Vladimir Putin, para surpresa de ninguém, nem mesmo das ruas que há semanas repetem a sua cara de antemão vitoriosa, venceu as eleições russas de ontem com uma porção avassaladora dos votos: 73,9%, de acordo com a sondagem à boca das urnas conduzida pelo próprio governo; ou 74,3%, a julgar pelos resultados que se registavam ao começo da noite de ontem, num momento em que estavam contados quase metade dos votos. Mesmo no padrão Putin, tratam-se de resultados esmagadores, os melhores que o presidente russo conquistou nos seus 18 anos de poder quase absoluto. A abstenção, o tinhoso cavalo de corrida escolhido pela oposição manietada de Alexei Nalvany, não galopou como esperavam os críticos. O governo anunciou uma afluência de 63,7%, mais baixa que a das eleições de 2012, mas não tão baixa que tire o lustro ao monopólio que Vladimir Putin tem sobre o sucesso político.
Das figuras decorativas espalhadas pela paisagem eleitoral de ontem, a mais relevante é Pavel Grudinin. Os resultados incompletos de ontem sugeriam que Grudinin podia ultrapassar a barreira dos 14%. A consulta governamental prevê 11,2%. Seja como for, Grudinin terá o dobro do terceiro classificado, Vladimir Zhirinovsky, um veterano nacionalista que concorreu pela primeira vez ao poder contra Boris Ieltsine, em 1991. Grudinin é o líder do Partido Comunista russo, e, não sem controvérsia, é também o milionário proprietário de uma conhecida cadeia agrícola. É igualmente, no entanto, uma concorrência falsa, um líder sem aspirações reais de poder e, acima de tudo, uma ferramenta útil para o Kremlin, de onde se garante que o processo democrático é real, isento e rico, mesmo que o vencedor esteja já decidido e não tenha propriamente um programa de governo, como escreve no “New York Times” Steven Lee Myers: “Ele não oferece uma ideologia estruturada, como antes o comunismo, mas, em vez disso, um modelo amorfo destinado a proteger a soberania nacional contra as organizações internacionais.”

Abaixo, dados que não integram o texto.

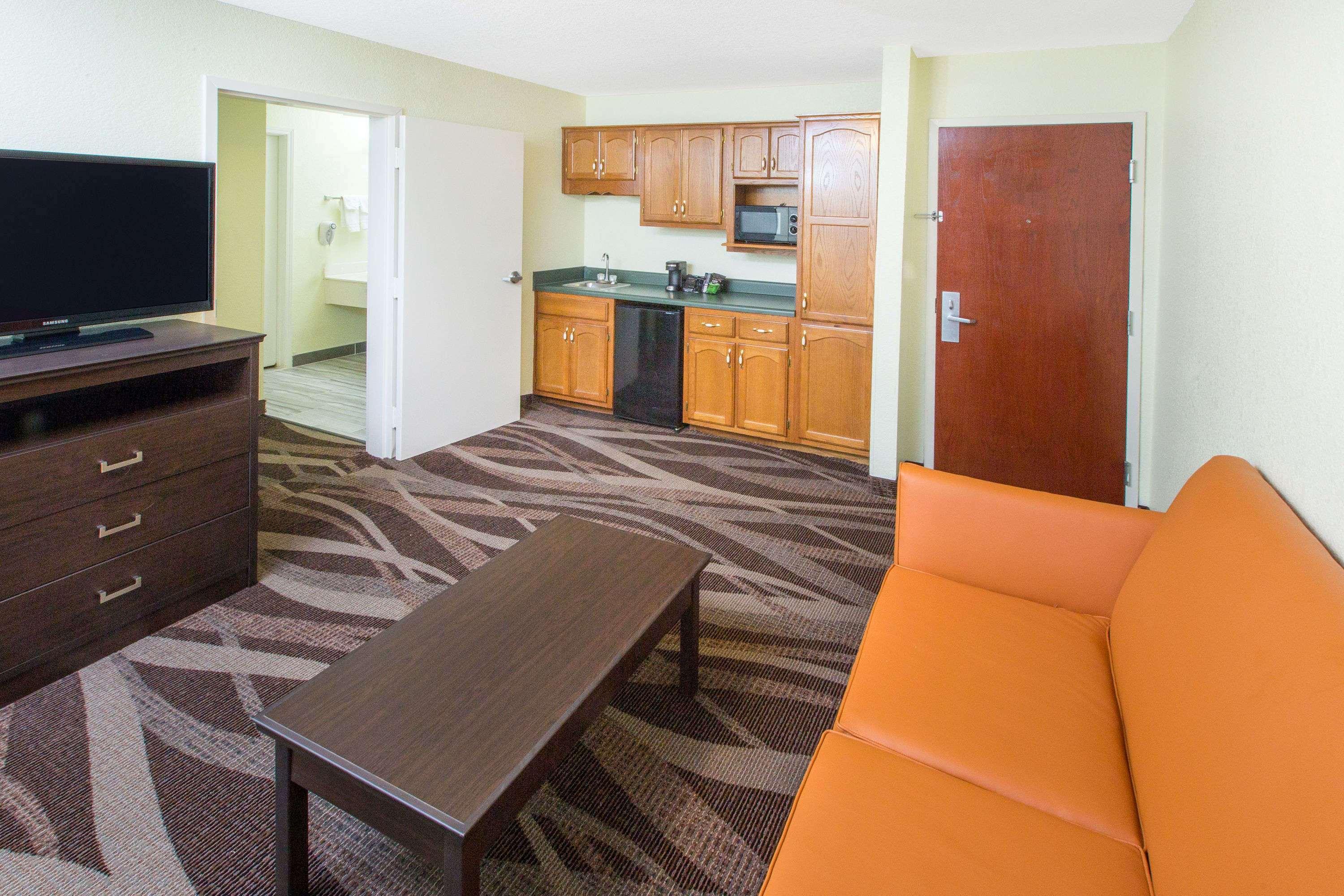 Super 8 by Wyndham Southaven — photo 4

É uma estratégia vencedora, sobretudo na comparação aos instáveis, pobres e envergonhados anos 90 do orgulho ferido e, por isso, o presidente russo ficará mais seis anos no poder. Ao terminar o novo mandato, Vladimir Putin tornar-se-á o segundo líder russo que mais tempo passou no poder. Estaline continuará em primeiro. Encontra-se aqui o aspeto mais relevante das eleições de ontem. Vladimir Putin não chegará às três décadas do antigo líder soviético. Este será, com toda a probabilidade, o seu último mandato no Kremlin. Putin diz que não pretende mudar as regras do limite de mandatos e, embora já os tenha manobrado no passado, passando seis anos no enganoso cargo de primeiro-ministro, há muitas dúvidas de que o faça novamente. Será septuagenário quando terminar o novo mandato e pouco disposto às obrigações das cortinas de fumo. A campanha russa, de tão coreografada e inofensiva, cedo se tornou menos importante que a pergunta que no ocidente todos colocam em aberto e na Rússia se faz por suspiros de corredor: o que é que acontecerá depois de Putin?
A sucessão é inevitável, mas, por estes dias, também insondável. Será a grande obra deste novo mandato, ao longo do qual o presidente russo continuará os projetos de expansão da influência nacional e disrupção da ordem do Ocidente. Existe uma nova casta de jovens russos no Kremlin, mas não há candidatos prováveis. Isso acontece em parte por desígnio – uma fonte próxima do Kremlin contava esta semana ao “Guardian” que todos os oligarcas pensam que podem ser o sucessor e por isso estão dispostos a tudo -, mas também é verdade que o Estado russo não tem instituições fortes e a vida política é estéril, incapaz de dar à luz novos líderes. “A grande ideia do próximo mandato é a de que ele será passado a conceber um mecanismo de passagem de poder que garanta a segurança de Putin e de um número razoavelmente alargado das pessoas que o rodeiam”, diz ao “Guardian” o jornalista e comentador Konstantin Gaaze, que, como afirma a quase totalidade dos politólogos e indica a História, sabe que é difícil fazer a sucessão de um homem forte com características ditatoriais. Mas acontecerá, afirma. “Acho que [a sucessão] será mais simples para ele do que tornar-se presidente para toda a vida.”